Por eso nuestra mirada y nuestra confianza apuestan a la educación como un pilar insoslayable para la construcción de cualquier sueño social presente o futuro, a los documentos de la historia como marcas insoslayables a la hora de reconstruir el pasado. También apostamos al arte contemporáneo como herramienta sutil para que nos ayude a nombrar aquello que la lengua no alcanza a veces a nombrar o describir. ¿Acaso no está en la obra de Carlos Gorriarena –en los rostros transformados por la mueca, en los cuerpos contorsionados como insectos o larvas– esa metástasis que corroyó el cuerpo y el alma de la nación a lo largo de más de un decenio? ¿No está en la obra de Óscar Bony ya nombrado o anticipado el peso del vacío que habríamos de cargar? ¿No está inscripta en la obra de Graciela Sacco la huella indeleble de lo que la condición humana deja como marca y registro sobre la piel invisible de este mundo, ya sea esa marca o registro una evocación de lo más bello o de lo más atroz que cargamos con nuestra existencia?

El arte contemporáneo puede alcanzar una dimensión pedagógica sin la necesidad de transformarse necesariamente en pieza testimonial o mero reflejo: así como los Fusilamientos en la montaña del Príncipe Pío, de Francisco de Goya, dicen, dos siglos más tarde de ocurridos los hechos, tanto sobre la crueldad napoleónica como decenas de capítulos escritos para narrar esa historia de ocupación y resistencia, el Rosario de oración hecho por Claudia Contreras con páginas del Nunca más –y ubicado en una de las vitrinas de nuestro Museo–, acaso concentre, en el espacio acotado de su breve y delicada materialidad, tanto o más que mil relatos de esperas, humillaciones y derrumbes.

Anuncio o evocación, alba o crepúsculo de lo que somos o fuimos, muchas obras y autores que acompañan nuestra narrativa cumplen con ese mandato de ayudarnos a entender la dimensión que han tenido nuestros derrumbes, nuestra indiferencia o compromiso, nuestra responsabilidad para que la luz o la oscuridad más escandalosa hayan sido posibles en Argentina.
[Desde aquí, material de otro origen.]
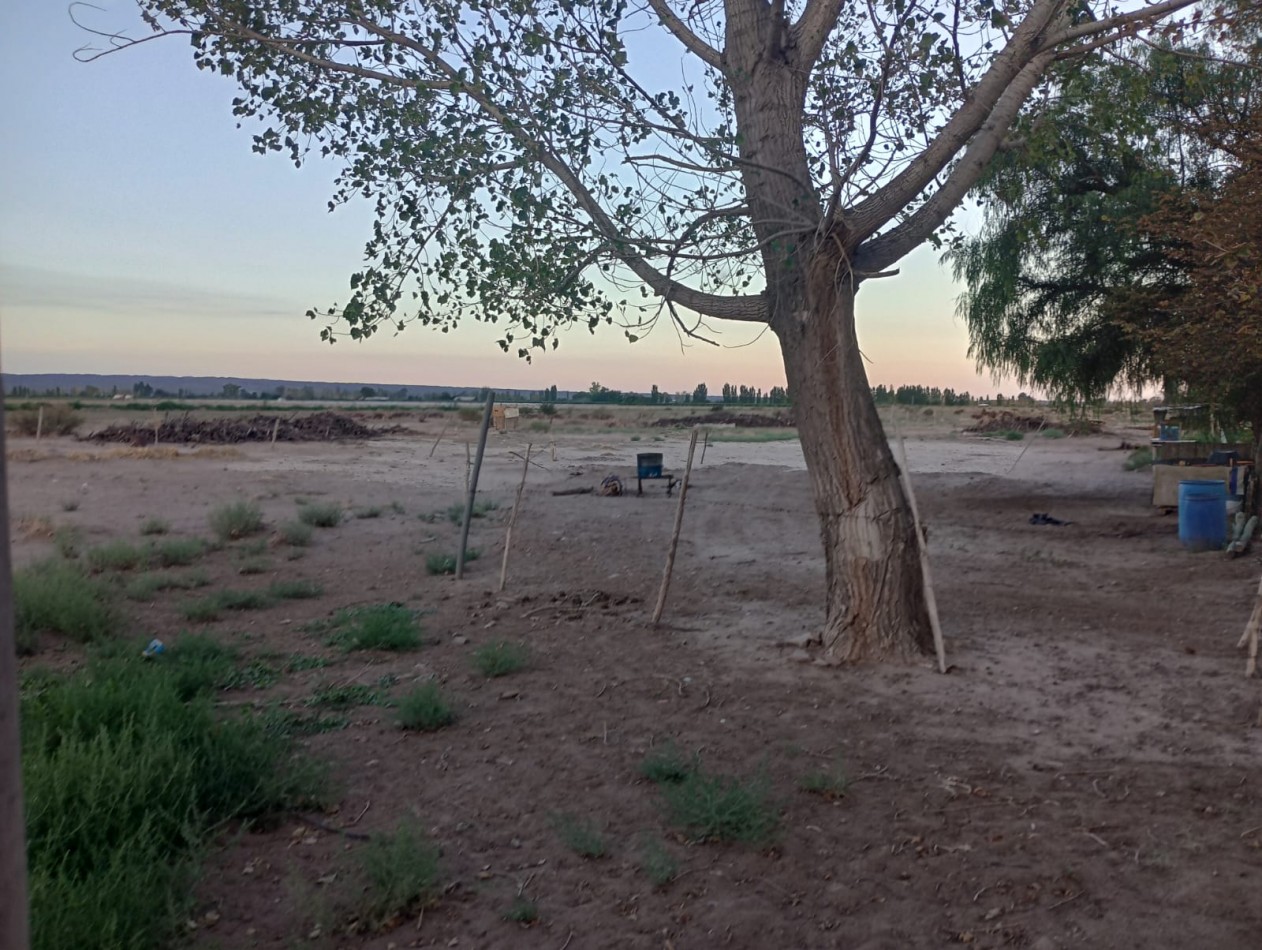 Tierra Nivelada Ugarteche 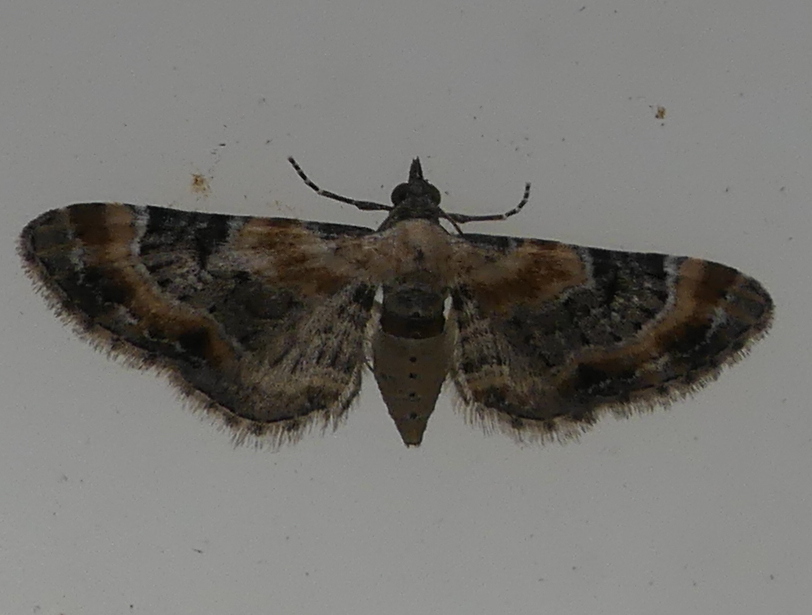 george hogg tweet media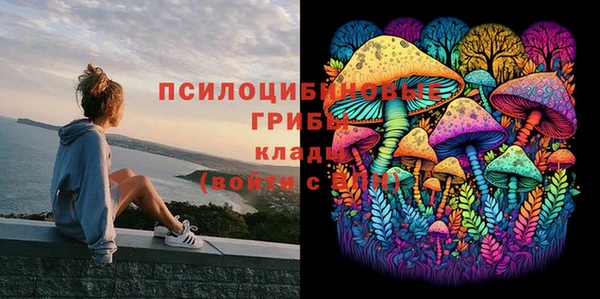 а пвп мука Богданович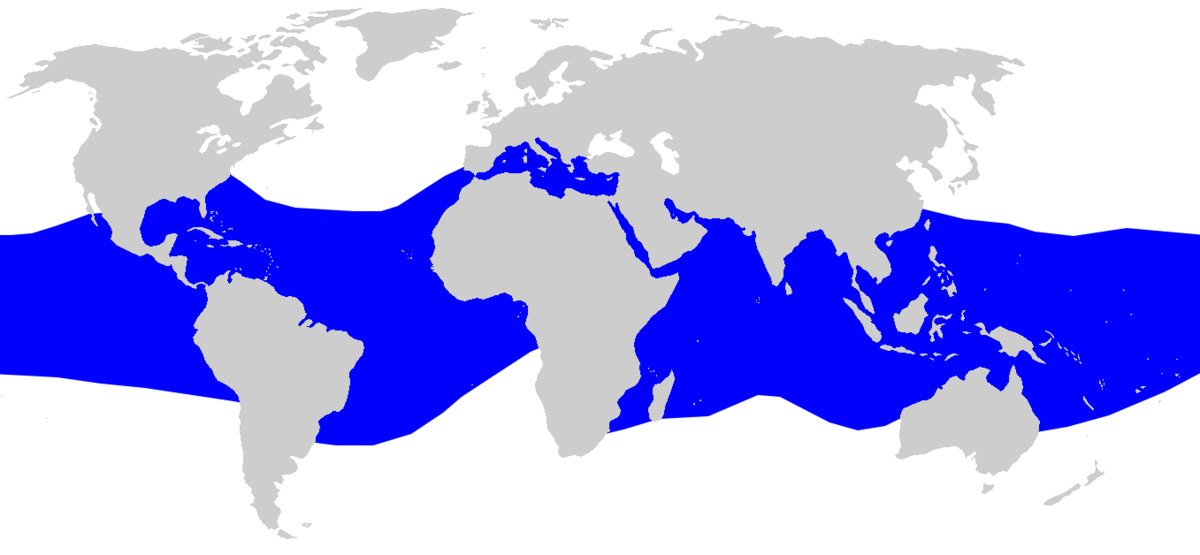 Carcharhinus falciformis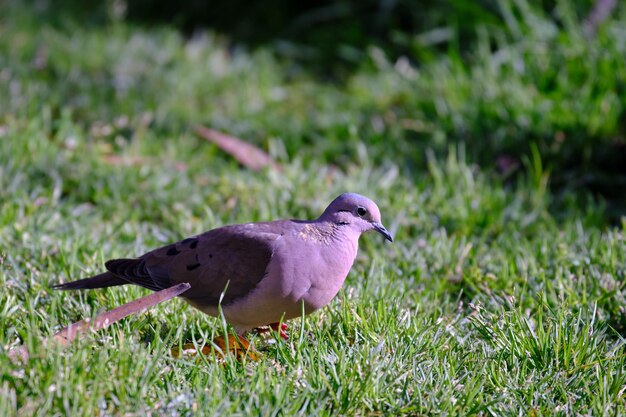 Colomba dalle orecchie Zenaida auriculata che cammina sull'erba in cerca del suo cibo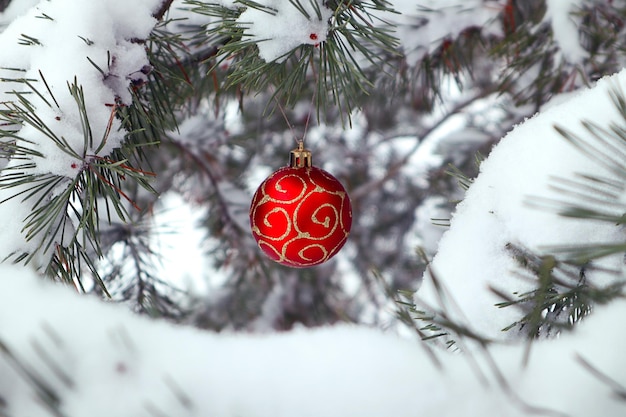 Tempo di vacanze invernali una palla di Natale rossa appesa a un ramo di un albero di Natale coperto di neve primo piano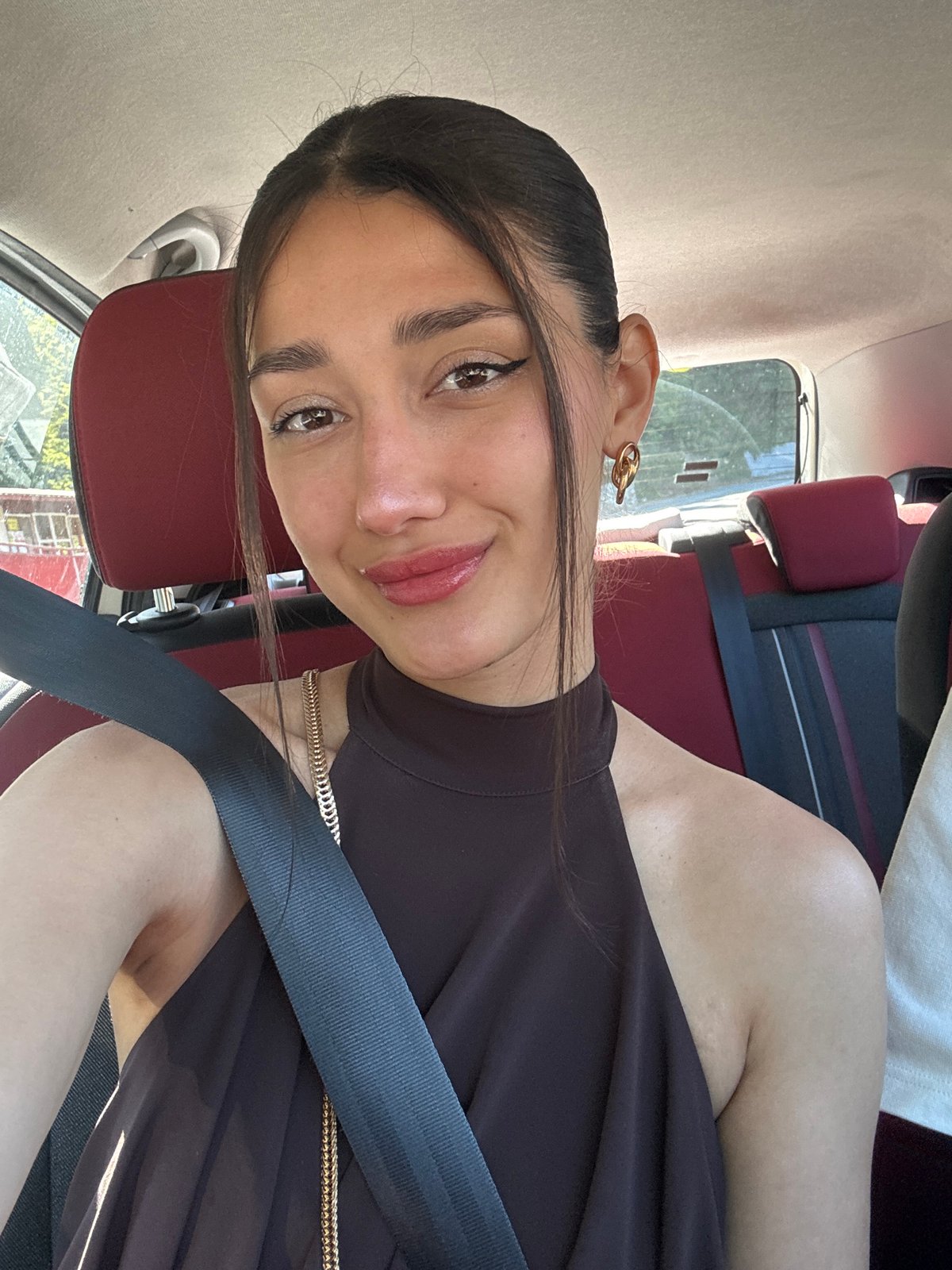 Person spotted in vehicle in Golubovići, Montenegro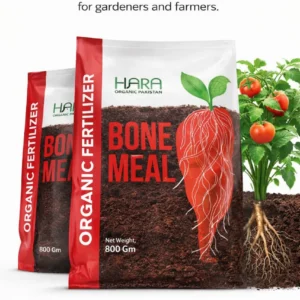 BONE MEAL - 800 g (Organic Fertilizer)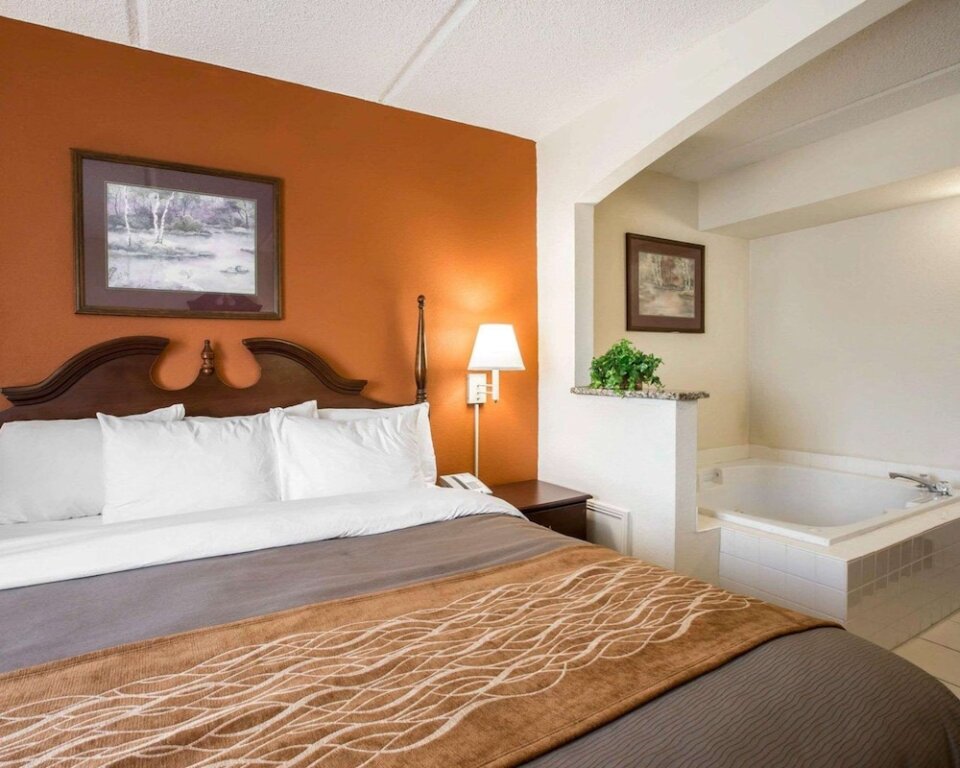 Люкс Standard Comfort Inn & Suites at I-85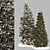 Premium Pine Tree 3D Model 3D model small image 2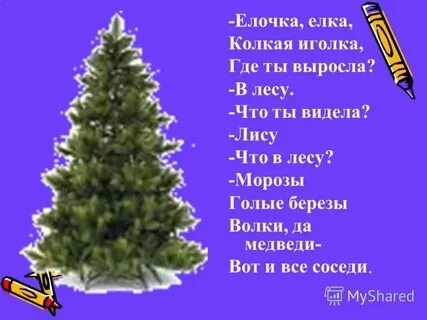 К нам пришла сегодня елка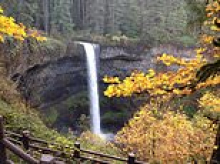 Tourist, 20, dies after plunging 177 feet from waterfall while trying to take a photo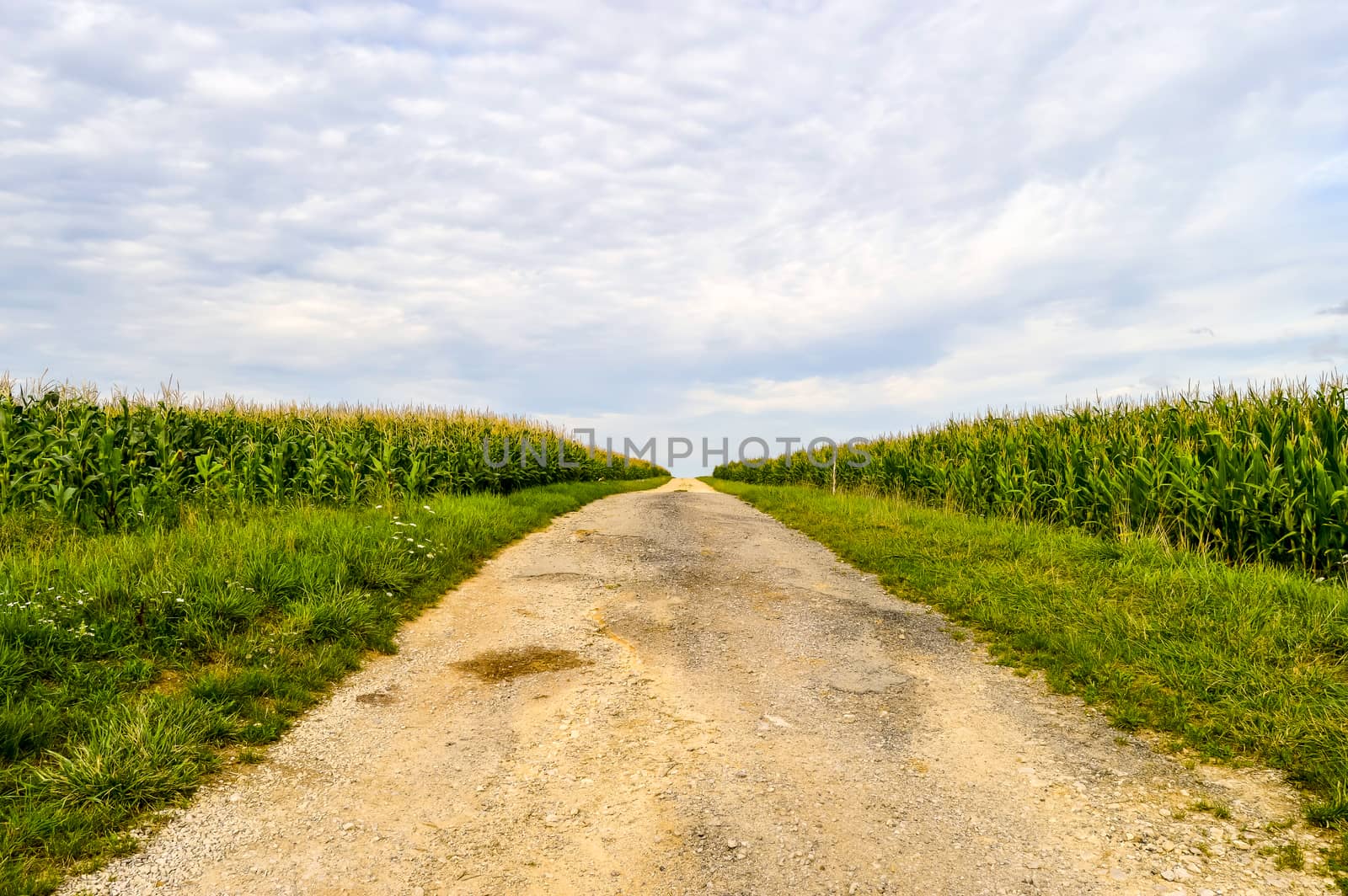 Path between corn fields in the department of Meuse in France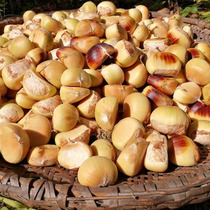2024 Luotian Chestnut Raw Fresh Tender White Chestnuts Hubei Farm Freshly Picked White Shell Tender Chestnuts Ready to Eat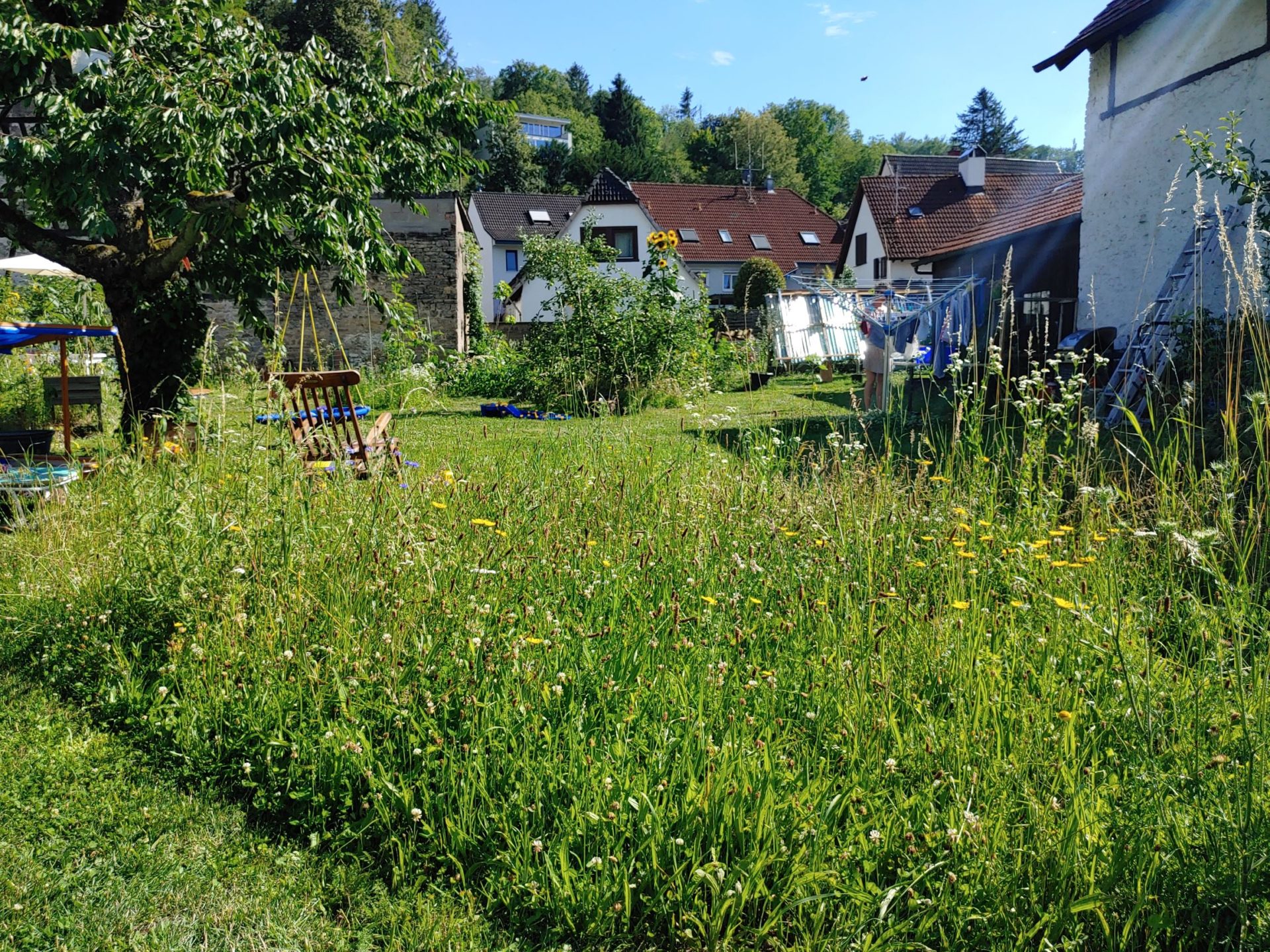 Alter Garten wiederbelebt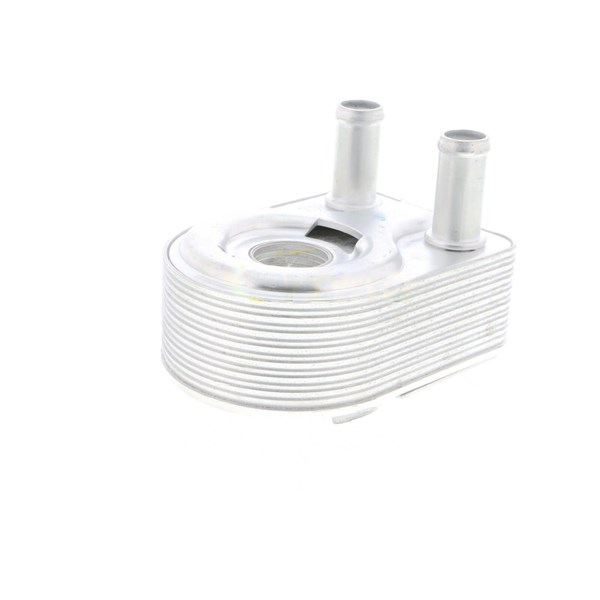 Oljekylare, motor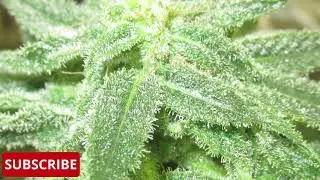 INDOOR WEED/CANNABIS GROW-FLOWER ROOM 2020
No hemos construido un museo del que hoy podamos asegurar lo que habrá de ser o significar mañana. ¿Cómo habrán de resonar palabras como dictadura, desaparecido, picana, a alguien nacido en 2020? Quién puede asegurarlo? Ya las palabras Reich, Auschwitz, Treblinka, suenan desde hace algunos años extrañas a los oídos de las nuevas generaciones europeas, lo mismo que el término Gulag al oído de los jóvenes rusos nacidos después del final del siglo, cuyas vidas no guardan ninguna relación cronológica con la experiencia autoritaria padecida por sus padres o sus abuelos. Sobre estas preguntas sin respuestas únicas se asienta también el desafío de nuestro trabajo cotidiano.

Hemos construido un museo ubicado en un lugar emblemático de la trama urbana, emplazado en el mismo sitio donde en el pasado los perpetradores dañaron la vida de tantos hombres y mujeres. En las mismas oficinas/salas donde ayer se decidió la vida y la muerte de centenares de ciudadanos, hoy se transmiten valores democráticos y se habla de justicia.

Hemos construido un museo ubicado en el centro mismo de la ciudad, a metros de una de las plazas más bellas que tiene Rosario. Un museo que cotidianamente apuesta a recordarle a los ciudadanos que pasan por delante de sus puertas que hubo un tiempo en el que el cielo de este país se oscureció por siete largos años, y que la belleza de esa fachada y la de sus amplios ventanales abiertos a la luz del sol de cada mañana pudieron convivir con el más oscuro de los infiernos, en el centro mismo de la ciudad, en el corazón mismo de la vida cotidiana.

Acaso no sea del todo suficiente nuestro empeño; acaso no lograremos evitar que lo injusto vuelva a mostrar, en un futuro cercano o lejano, su rostro sobre nuestra comunidad, pero creemos que vale el esfuerzo de trabajar para impedirlo, que vale la pena la tarea que cada día emprendemos de intentar dejar testimonio de aquel pasado del que venimos, enfatizando, en cada una de nuestras acciones, nuestra confianza en contribuir, siquiera mínimamente, al arduo y nada sencillo trabajo de consolidar y hacer resplandecer el valor innegociable de la justicia, el derecho a la memoria y la dignidad humana.